Directions for this task: Return, exactly and in full, the lines of the records below starting at the one with "H&ograve;a B&igrave;nh mở" and ending at the one with "Table dressée avec café et desserts maison", and no other lines.

(Recorded information)

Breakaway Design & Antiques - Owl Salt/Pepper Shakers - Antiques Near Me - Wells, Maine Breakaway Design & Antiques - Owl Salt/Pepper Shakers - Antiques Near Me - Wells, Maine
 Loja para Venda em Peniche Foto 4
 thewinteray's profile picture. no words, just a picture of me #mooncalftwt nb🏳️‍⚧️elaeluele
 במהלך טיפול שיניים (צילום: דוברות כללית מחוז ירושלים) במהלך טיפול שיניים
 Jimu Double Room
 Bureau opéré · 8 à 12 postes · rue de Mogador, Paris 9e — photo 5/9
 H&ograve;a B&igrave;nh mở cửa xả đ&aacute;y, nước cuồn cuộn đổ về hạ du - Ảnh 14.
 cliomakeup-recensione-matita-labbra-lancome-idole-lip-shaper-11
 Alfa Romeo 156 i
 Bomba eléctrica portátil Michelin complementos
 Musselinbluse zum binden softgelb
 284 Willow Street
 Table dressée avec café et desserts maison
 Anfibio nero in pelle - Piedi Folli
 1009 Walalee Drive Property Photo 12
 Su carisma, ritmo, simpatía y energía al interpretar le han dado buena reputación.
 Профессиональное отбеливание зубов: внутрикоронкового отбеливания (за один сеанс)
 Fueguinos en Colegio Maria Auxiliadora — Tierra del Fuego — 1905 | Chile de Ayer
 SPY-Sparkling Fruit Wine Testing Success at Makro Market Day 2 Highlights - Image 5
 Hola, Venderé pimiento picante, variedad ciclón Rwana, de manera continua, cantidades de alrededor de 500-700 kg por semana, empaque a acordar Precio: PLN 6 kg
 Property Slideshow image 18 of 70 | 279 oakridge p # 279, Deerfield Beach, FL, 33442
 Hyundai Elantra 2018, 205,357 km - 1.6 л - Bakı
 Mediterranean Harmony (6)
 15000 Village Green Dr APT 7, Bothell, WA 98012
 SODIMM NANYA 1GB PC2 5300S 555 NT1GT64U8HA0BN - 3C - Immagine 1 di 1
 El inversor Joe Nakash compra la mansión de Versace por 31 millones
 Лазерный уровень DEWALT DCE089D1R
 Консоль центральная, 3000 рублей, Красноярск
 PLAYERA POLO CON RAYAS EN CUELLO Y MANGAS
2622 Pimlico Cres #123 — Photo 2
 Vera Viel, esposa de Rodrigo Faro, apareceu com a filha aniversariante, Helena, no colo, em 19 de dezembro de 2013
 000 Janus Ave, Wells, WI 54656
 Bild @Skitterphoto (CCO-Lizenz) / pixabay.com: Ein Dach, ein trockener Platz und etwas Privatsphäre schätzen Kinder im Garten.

(End Recorded information)

Response area:
 H&ograve;a B&igrave;nh mở cửa xả đ&aacute;y, nước cuồn cuộn đổ về hạ du - Ảnh 14.
 cliomakeup-recensione-matita-labbra-lancome-idole-lip-shaper-11
 Alfa Romeo 156 i
 Bomba eléctrica portátil Michelin complementos
 Musselinbluse zum binden softgelb
 284 Willow Street
 Table dressée avec café et desserts maison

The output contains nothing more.